North with the Spring by Edwin Way Teale (1951)
I’ve previously reviewed Teale’s Autumn Across America and Springtime in Britain and consider him one of the classic – and most underrated – American nature writers. I was delighted to find a copy of this first seasonal volume on our trip to Northumberland a few years ago. As in the autumn book, he and his wife Nellie undertake a road trip, this time travelling from Florida up to New England, a total of 17,000 miles. Their journey lasted 130 days because instead of waiting for 21 March they started weeks before; spring comes early to the Gulf coast. Their time in Florida feels endless, constituting over a third of the book. Although it’s true that there are (were?) many peerless ecosystems there between the scrub and swamp, I grew impatient to move on to other states. The meet-up with Marjorie Kinnan Rawlings, who took them on a picnic to ‘The Yearling country,’ was a highlight.
They travel alongside the spring warblers; past river deltas and barrier islands, by mountain meadows and forests. Other stops include Monticello and New Jersey’s pine barrens. A stopover in New York City dramatizes the difference between civilization and relative wilderness. I particularly enjoyed a pair of chapters set in Tennessee: first the wonder of Nickajack Cave, then the horror of the deforested and poisoned Ducktown Desert. Teale seems ahead of his time in decrying people’s wilful ignorance – one man they met denied the fact of migration, insisting the birds were always around – and failure to consider nature. His scenes and conversations feel fully natural; he’s as interested in people as in wildlife, and that humanism comes across in his writing.
“We longed for a thousand springs on the road instead of this one. For spring is like life. You never grasp it entire; you touch it here, there; you know it only in parts and fragments.”
(Secondhand – Barter Books, Alnwick)
In Pursuit of Spring by Edward Thomas (1914)
On Good Friday, 21 March 1913, Edward Thomas set off on his bicycle from his parents’ home in South London. He was bound southwest, toward Somerset and the height of spring. At cycling and walking pace, he would truly experience the development of the season, whereas
“Many days in London have no weather. We are aware only that it is hot or cold, dry or wet; that we are in or out of doors; that we are at ease or not.”
He prepares himself for hardship and slog:
“Spring would come, of course – nothing, I supposed, could prevent it – and I should have to make up my mind how to go westward. Whatever I did, Salisbury Plain was to be crossed”

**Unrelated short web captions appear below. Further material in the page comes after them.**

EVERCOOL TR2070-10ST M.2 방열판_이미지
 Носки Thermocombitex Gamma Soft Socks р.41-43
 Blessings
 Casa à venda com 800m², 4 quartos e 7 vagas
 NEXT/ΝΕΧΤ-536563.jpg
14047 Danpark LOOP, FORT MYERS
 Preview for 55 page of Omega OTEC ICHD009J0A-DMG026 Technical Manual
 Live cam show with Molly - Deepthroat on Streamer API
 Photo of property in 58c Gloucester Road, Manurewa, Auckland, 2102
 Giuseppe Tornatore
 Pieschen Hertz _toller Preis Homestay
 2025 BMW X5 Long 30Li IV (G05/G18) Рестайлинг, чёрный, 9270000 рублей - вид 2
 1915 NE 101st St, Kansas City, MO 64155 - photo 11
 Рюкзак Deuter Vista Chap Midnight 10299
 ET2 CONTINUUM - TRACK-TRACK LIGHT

It’s remarkable both how much and how little has changed in the intervening century and more. The place names, plant and bird species, and alternation of town and countryside are all familiar, but the difference is stark when you see Thomas’s black-and-white photographs that illustrate the text. These dirt roads are empty. You’d have to search high and low today to find the kind of unspoiled fields, rivers, churchyards, hedgerows and stone walls that he memorializes.
Everything he sees drives him back to poetry, with long passages quoted from authors who have fallen somewhat out of fashion, such as George Herbert and Alexander Pope. I loved the scene where he buys a book at a secondhand furniture shop (for two pence, mind you) and then ignores it to eavesdrop on fellow diners at a restaurant. He has words of high praise for W.H. Hudson:
“Were men to disappear they might be reconstructed from the Bible and the Russian novelists; … Hudson so writes of birds that if ever … they should cease to exist, and should leave us to ourselves on a benighted planet, we should have to learn from him what birds were.”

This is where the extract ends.